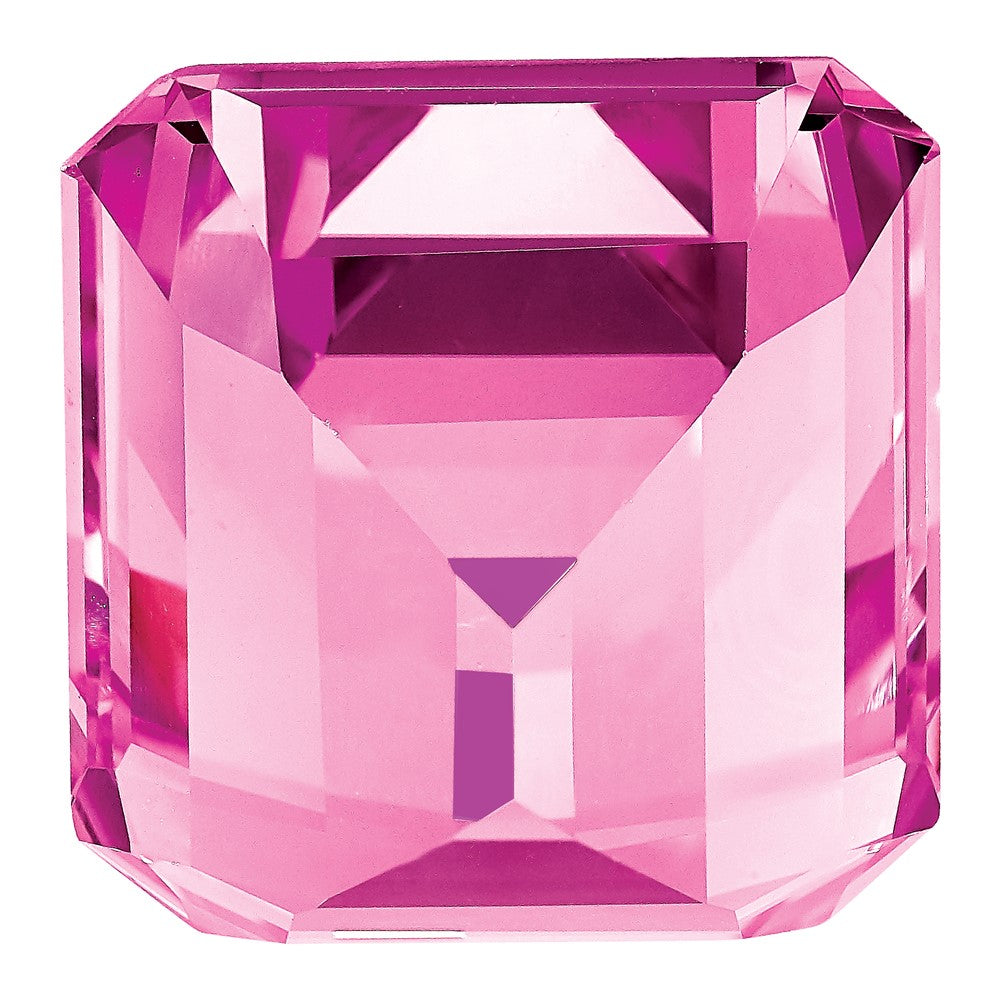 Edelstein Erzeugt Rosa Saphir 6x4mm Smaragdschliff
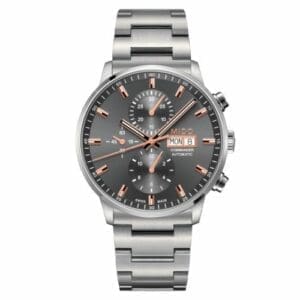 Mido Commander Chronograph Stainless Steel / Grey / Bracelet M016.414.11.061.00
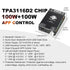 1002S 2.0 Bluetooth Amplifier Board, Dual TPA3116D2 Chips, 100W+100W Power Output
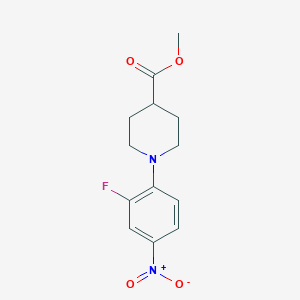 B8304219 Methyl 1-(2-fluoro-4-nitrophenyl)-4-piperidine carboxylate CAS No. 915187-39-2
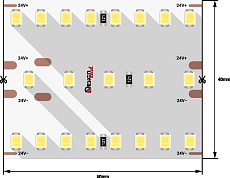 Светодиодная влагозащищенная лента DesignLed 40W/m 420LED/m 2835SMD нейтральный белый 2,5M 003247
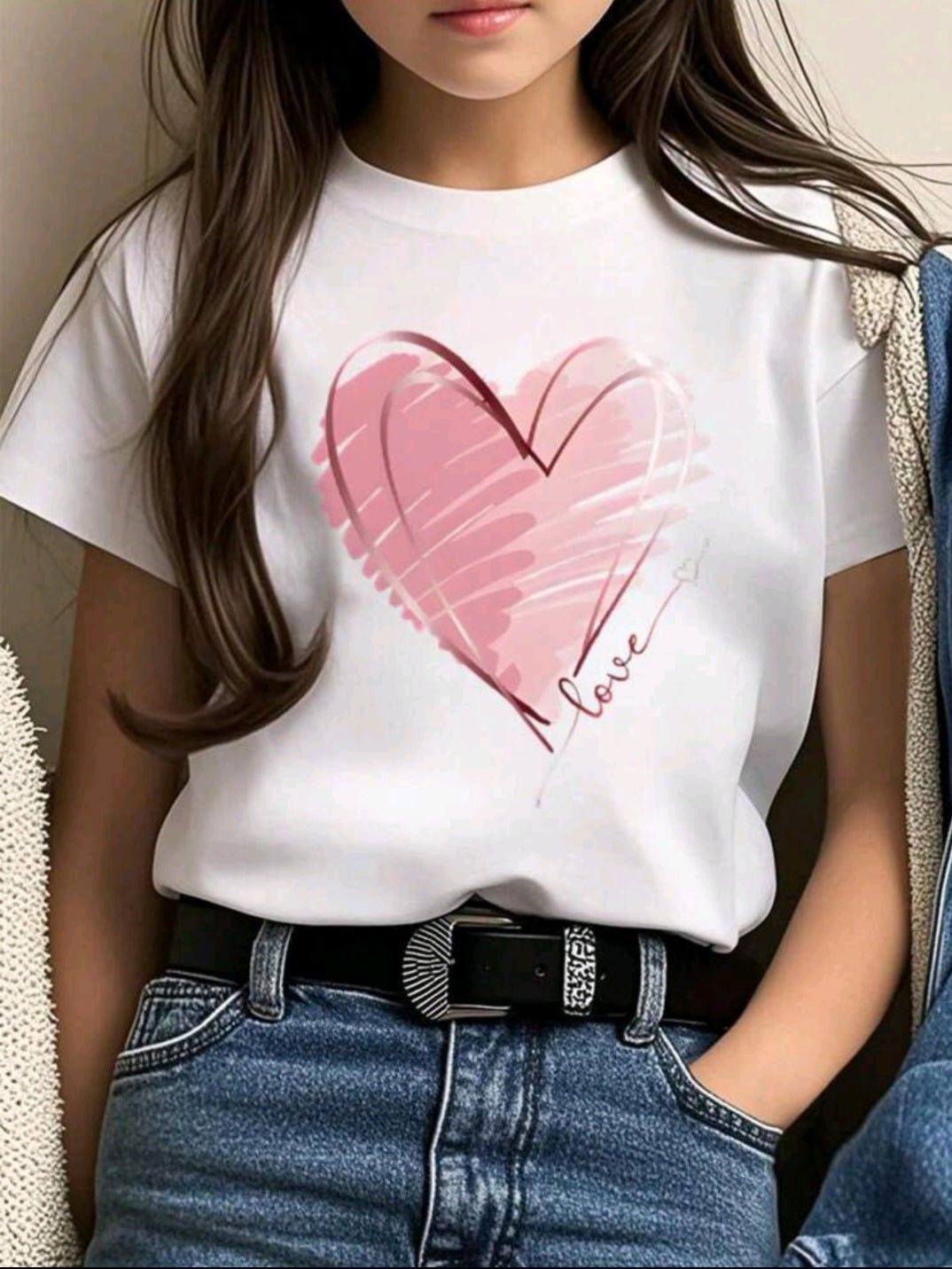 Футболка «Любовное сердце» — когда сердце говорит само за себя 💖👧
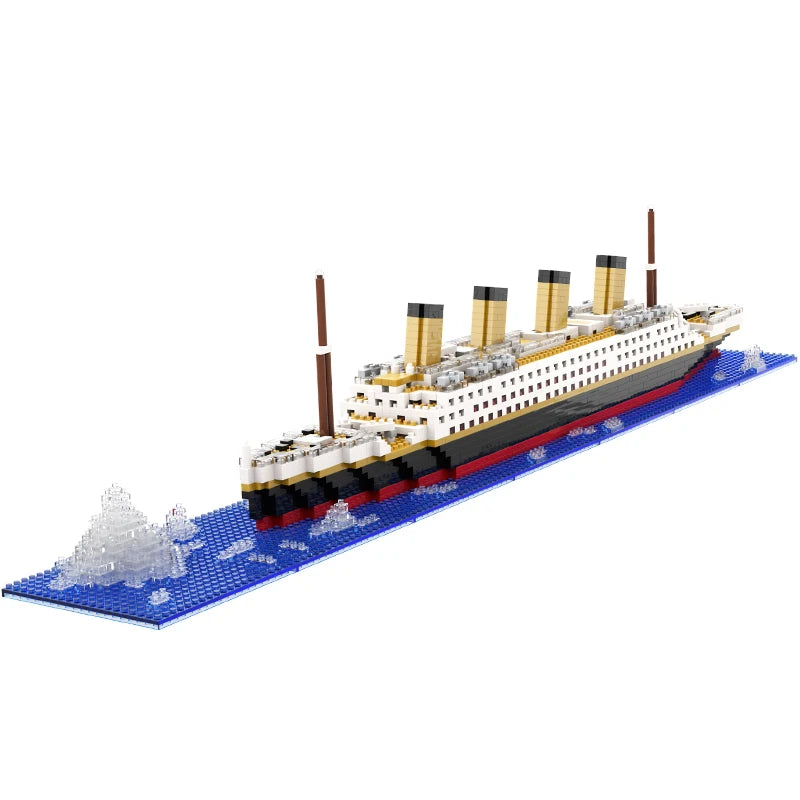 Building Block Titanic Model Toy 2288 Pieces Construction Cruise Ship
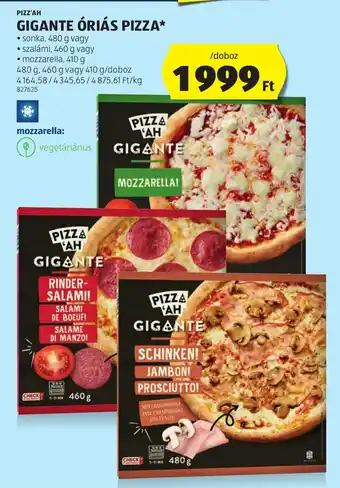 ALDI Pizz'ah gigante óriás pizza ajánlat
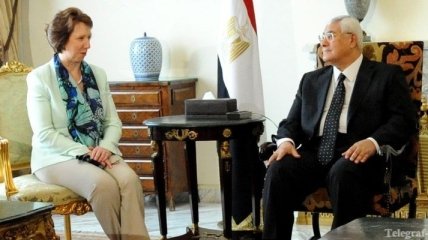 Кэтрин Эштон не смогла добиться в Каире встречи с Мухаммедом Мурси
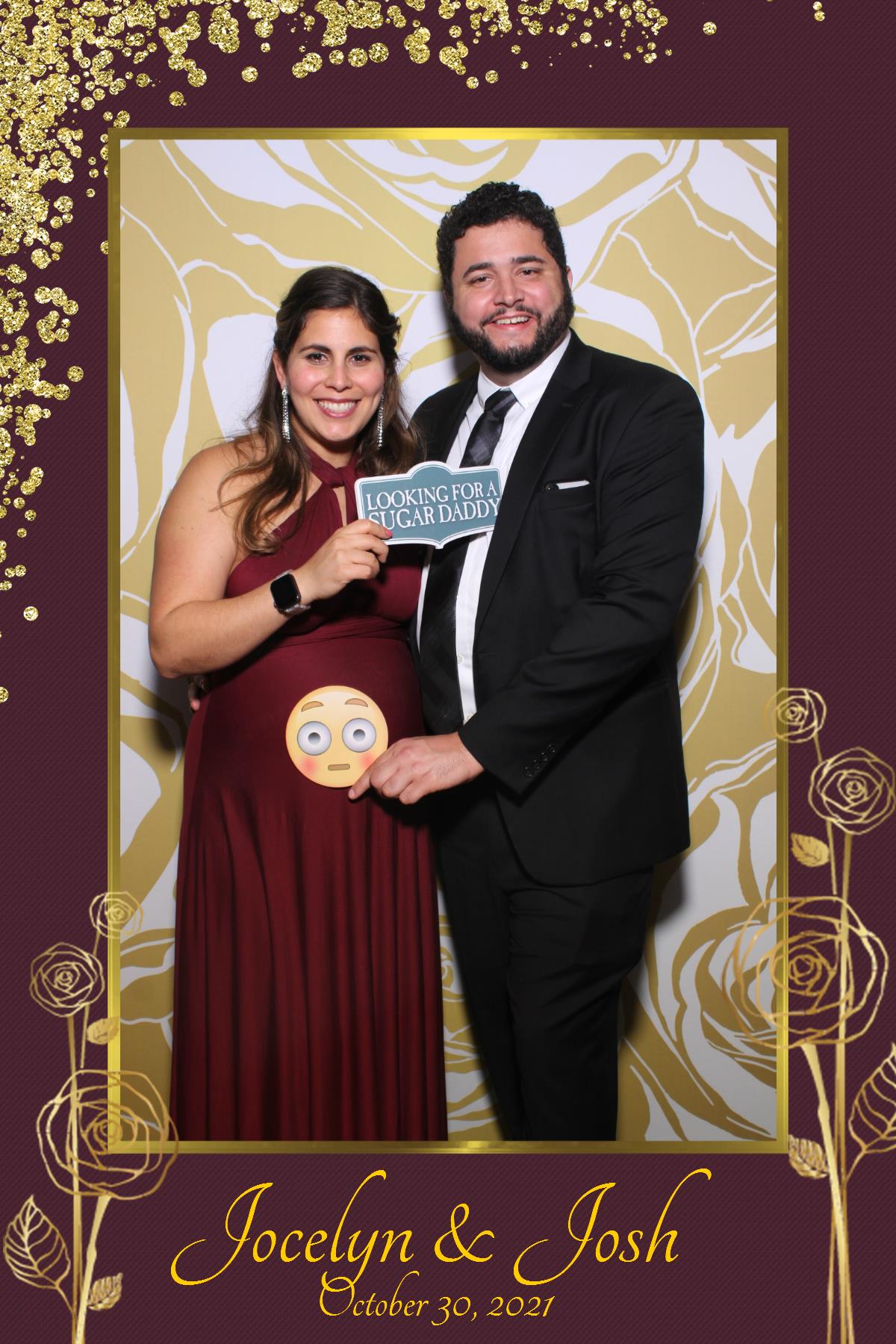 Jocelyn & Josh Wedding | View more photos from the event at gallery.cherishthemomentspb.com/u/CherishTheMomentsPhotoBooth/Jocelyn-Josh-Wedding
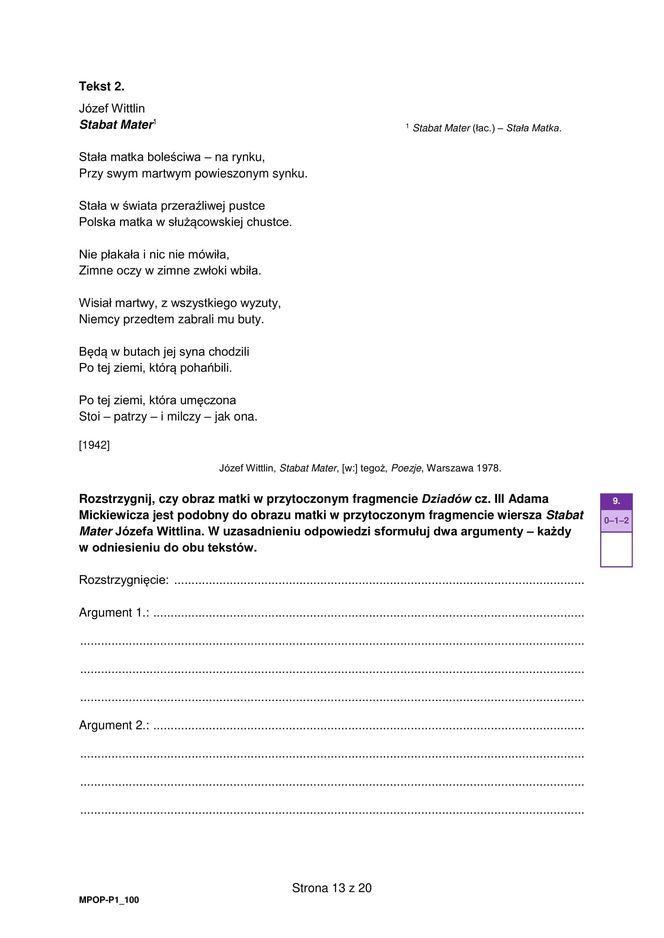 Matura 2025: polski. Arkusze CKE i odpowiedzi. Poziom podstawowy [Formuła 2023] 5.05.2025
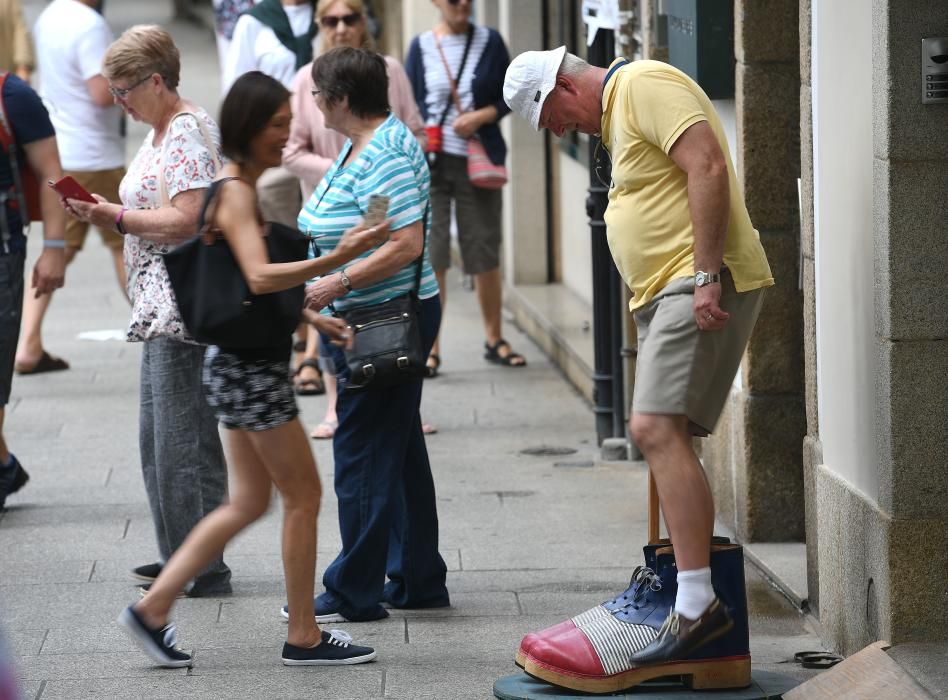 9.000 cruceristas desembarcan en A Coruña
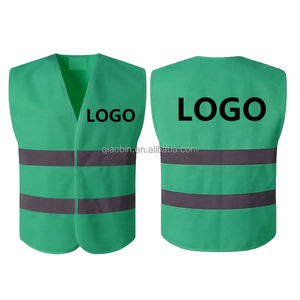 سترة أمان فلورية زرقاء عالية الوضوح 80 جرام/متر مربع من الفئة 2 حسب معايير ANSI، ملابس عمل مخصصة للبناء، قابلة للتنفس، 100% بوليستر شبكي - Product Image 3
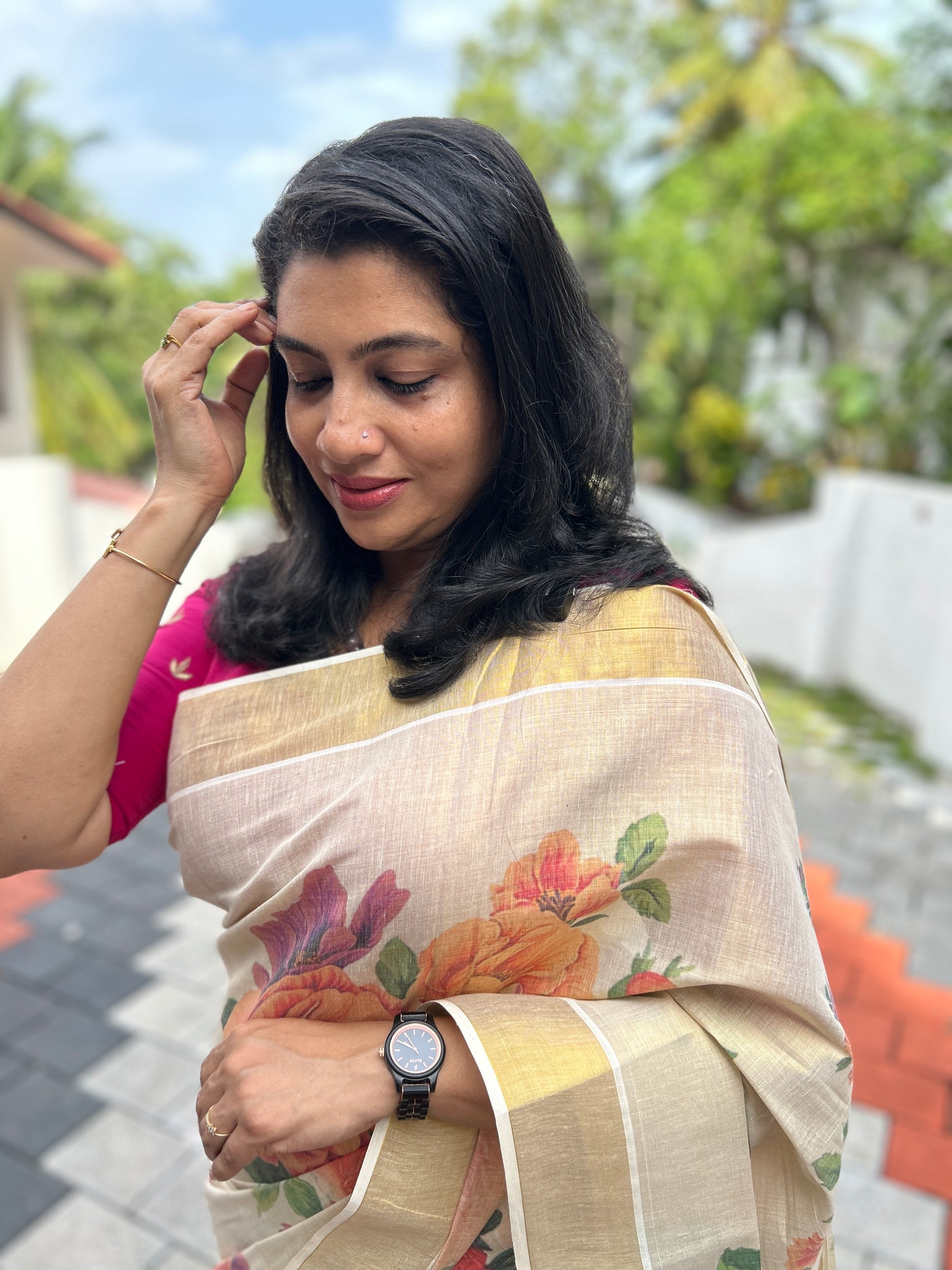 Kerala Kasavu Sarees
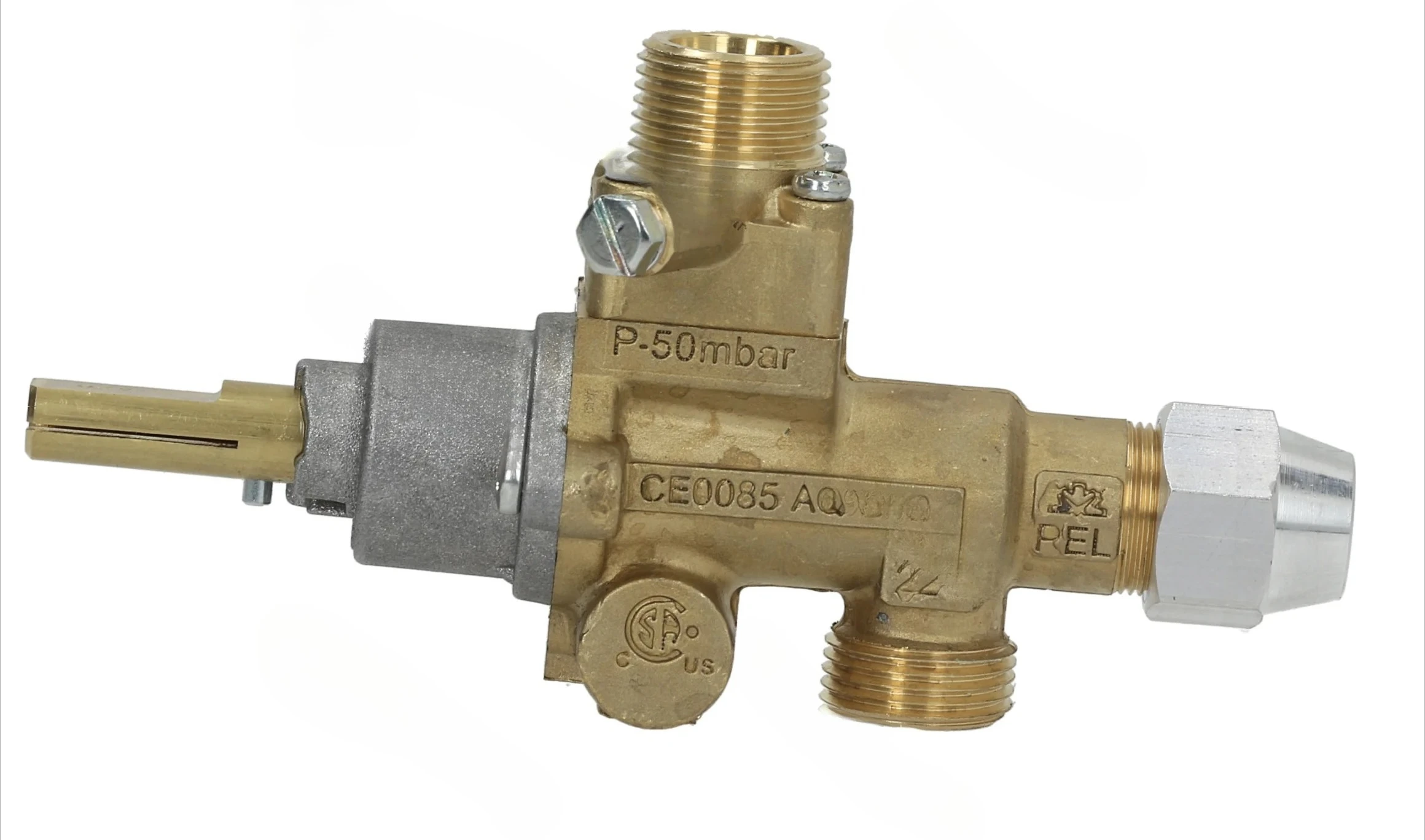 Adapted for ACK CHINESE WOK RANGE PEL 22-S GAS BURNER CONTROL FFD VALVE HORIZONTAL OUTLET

■ ■ ■ ■ ■

What you should do: The data above must be given back verbatim, minus its images.

Task answer:
 Edelstein Erzeugt Rosa Saphir 6x4mm Smaragdschliff
 Mido Commander Chronograph Stainless Steel / Grey / Bracelet M016.414.11.061.00
 1002S 2.0 Bluetooth Amplifier Board, Dual TPA3116D2 Chips, 100W+100W Power Output
 B8304219 Methyl 1-(2-fluoro-4-nitrophenyl)-4-piperidine carboxylate CAS No. 915187-39-2
 Светодиодная влагозащищенная лента DesignLed 40W/m 420LED/m 2835SMD нейтральный белый 2,5M 003247
 Футболка «Любовное сердце» — когда сердце говорит само за себя 💖👧
 Building Block Titanic Model Toy 2288 Pieces Construction Cruise Ship
 ALDI Pizz'ah gigante óriás pizza ajánlat
 Кэтрин Эштон не смогла добиться в Каире встречи с Мухаммедом Мурси
 Jocelyn & Josh Wedding | View more photos from the event at gallery.cherishthemomentspb.com/u/CherishTheMomentsPhotoBooth/Jocelyn-Josh-Wedding
 Matura 2025: polski. Arkusze CKE i odpowiedzi. Poziom podstawowy [Formuła 2023] 5.05.2025
 9.000 cruceristas desembarcan en A Coruña
 سترة أمان فلورية زرقاء عالية الوضوح 80 جرام/متر مربع من الفئة 2 حسب معايير ANSI، ملابس عمل مخصصة للبناء، قابلة للتنفس، 100% بوليستر شبكي - Product Image 3
 Kerala Kasavu Sarees
 Adapted for ACK CHINESE WOK RANGE PEL 22-S GAS BURNER CONTROL FFD VALVE HORIZONTAL OUTLET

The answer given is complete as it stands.